Except unless you’re all there you can’t pick up tickets at all. Perfectly understandable, really, as the slides are very steep, and accompanied by all sorts of rules and warnings about height, weight and sobriety. So, instead we went out for a long late lunch at Ping Pong and will do the slides another day. Probably first thing one morning, as anyone turning up after noon is warned to expect disappointment.
The food (dim sum) was fantastic, made all the better for the fact that Ping Pong is the reincarnation of one of our semi-regular pubs, the indescribably grotty, smelly and sticky-carpeted Cambridge. You wouldn’t believe it was the same place. Where is that famous carpet? Where are the tar-stained walls? Where is the smell of cheap disinfectant from the toilets? Instead we found ourselves in a tidy, modern and spotlessly clean restaurant, with Chinese writing on the ceiling, and smooth black wooden benches arranged around wide wooden tables, kitted out with Lazy Susans to help us share our food.
(Actually, I’m blaming Suzan for me eating three chicken dumplings. I should have noticed that mushroom isn’t usually that colour or texture.)
The most impressive part of the whole meal, though, had to be Ruth’s jasmine tea.

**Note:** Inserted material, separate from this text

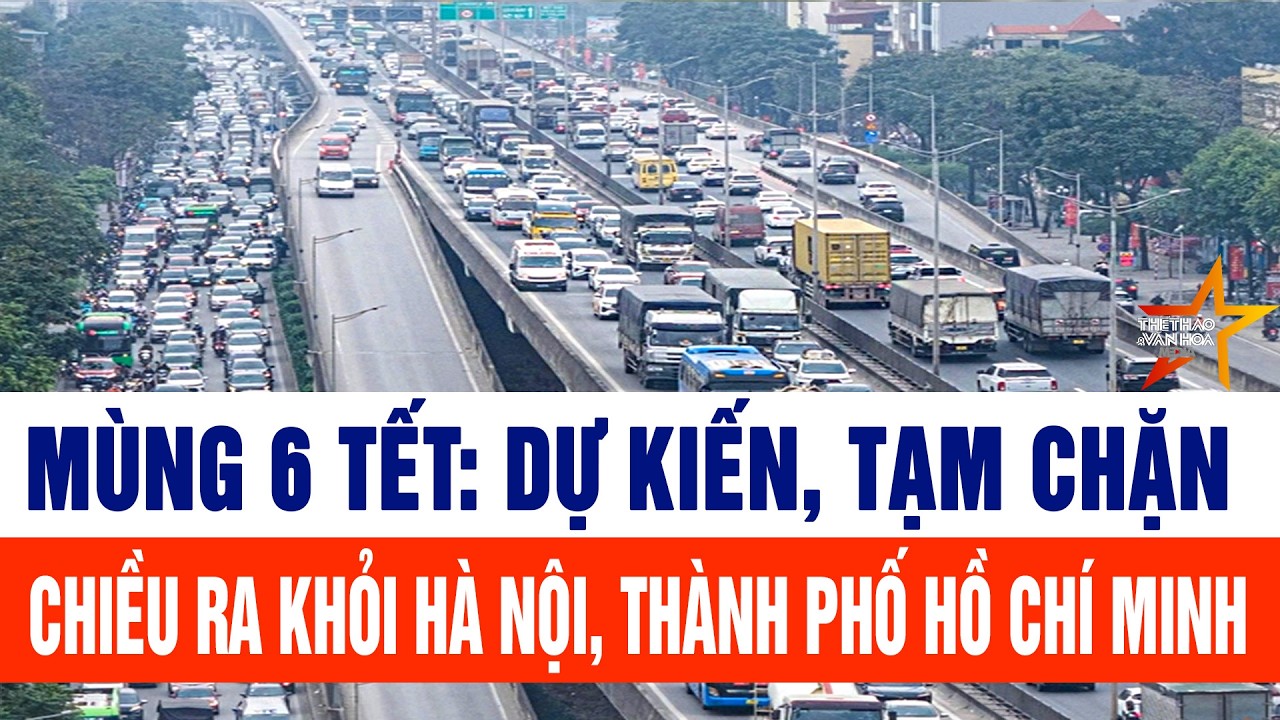 Mùng 6 Tết: Dự kiến, tạm chặn chiều ra khỏi Hà Nội, Thành phố Hồ Chí Minh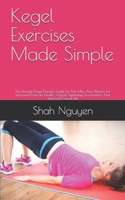 Kegel Exercises Made Simple: The Ultimate Kegel Exercise Guide For Both Men And Women For Improved Prostrate Health, Vaginal Tightening, Incontinence And Improved Sexual Life B0923ZXVVN Book Cover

When it arrives it’s just a tall empty glass, into which they drop what looks like a tightly-packed ball of twine. They pour on boiling water from a wide copper kettle and leave it to soak. Nothing happens for about five minutes until - suddenly - the water has soaked in far enough and a pale jasmine flower blossoms in the bottom of the glass, a long string of petals floating up to the surface. It has to be the most beautiful drink in London, and even if the food wasn’t so good would be reason enough for eating there.